I spent the next two years at Queen’s treating essays like formulas, catering every argument and close reading to what I believed the profs and TAs wanted until they all blurred together in my mind. As a friend of mine once said: “University is a game, and you need to figure out as fast as possible how to win.” And win I did. I have a bunch of A-grade papers tucked away somewhere in my closet. But I only have one that sits in the corner of my desk, only one that I look at again and again for inspiration, and only one that I am actually proud of.

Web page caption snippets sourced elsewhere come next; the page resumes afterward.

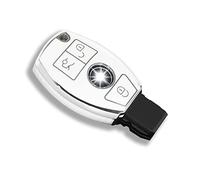 OFFCURVE Couvre Clef Etui a Clef, Étui à Clés TPU Etui Carte Clé Voiture 2/3 Boutons pour Mercedes Benz Class A B C E R S V W ML LA CLE CLK GLA GLC GLE GLK AMG A203 W211 W245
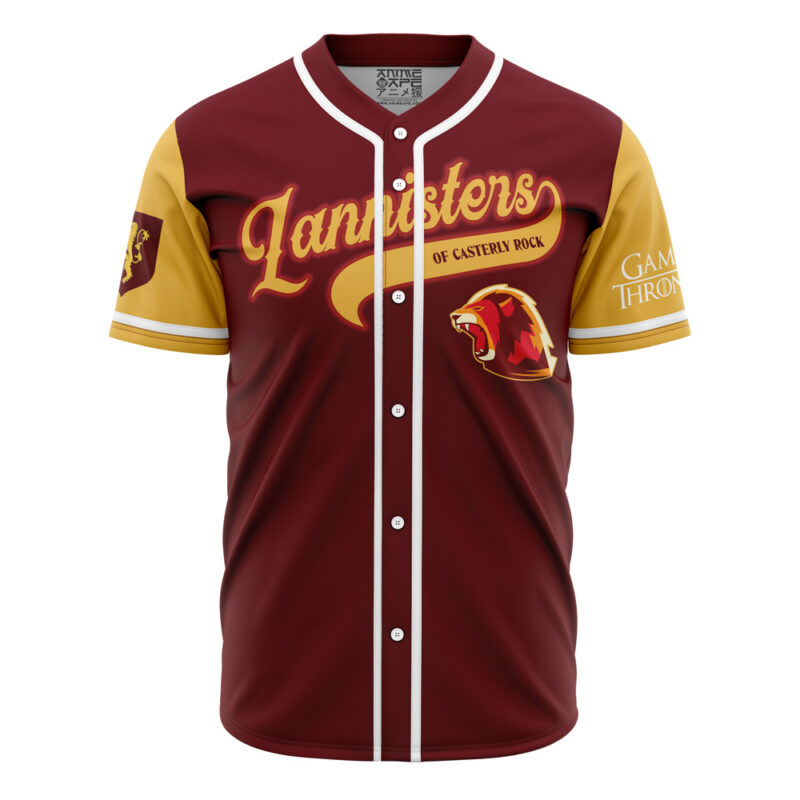 Lannisters Of Casterly Rock Game Of Thrones Baseball Jersey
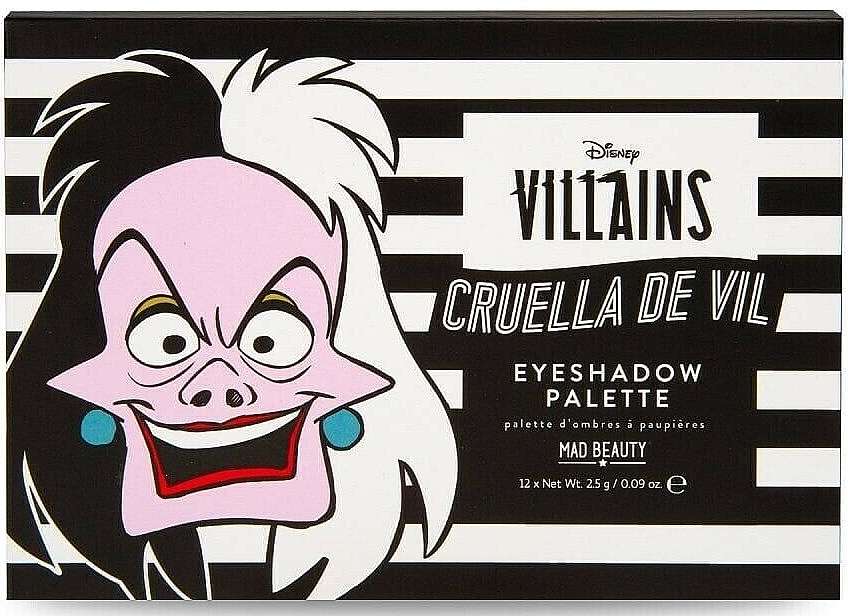 Палетка теней для век "Круэлла" - Mad Beauty Disney Cruella Eye Shadow Palette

Last year, rather than picking a topic for my culminating research paper in a history course that I knew the prof would like, or that I knew there would be a bounty of information on, I took the risk of actually writing a paper on something I cared about. The prof advised against it because there wasn’t a ton of research on the topic, but I refused to let it go. I dedicated hours of time to digging up research, finding personal testimonies, and brainstorming. By the time my paper was done, it felt so personal and so meaningful that I was a little bit sad it was finished.
Confucius advised to “choose a job you love, and you will never have to work a day in your life,” but I won’t deny that university can feel like work, even in the moments you enjoy it. What I would say is choose a topic you love, and you won’t mind working for a couple of days, or weeks, of your life. Keep in mind the prof’s guidelines, adhere to the proper citation and grammar requirements, and run your idea by your TA, but don’t feel that you have to compromise what you find interesting or quirky or exciting in a text because it might not be your prof’s focus of study.
I would tell you the grade I got on the paper, but that defies my purpose. Pursue your passions, and aim for having a stack of papers you are proud of on your desk or pinned up on your wall, not a whole bunch rotting in the closet. It is through those passion projects that you really “win” at university, in my opinion.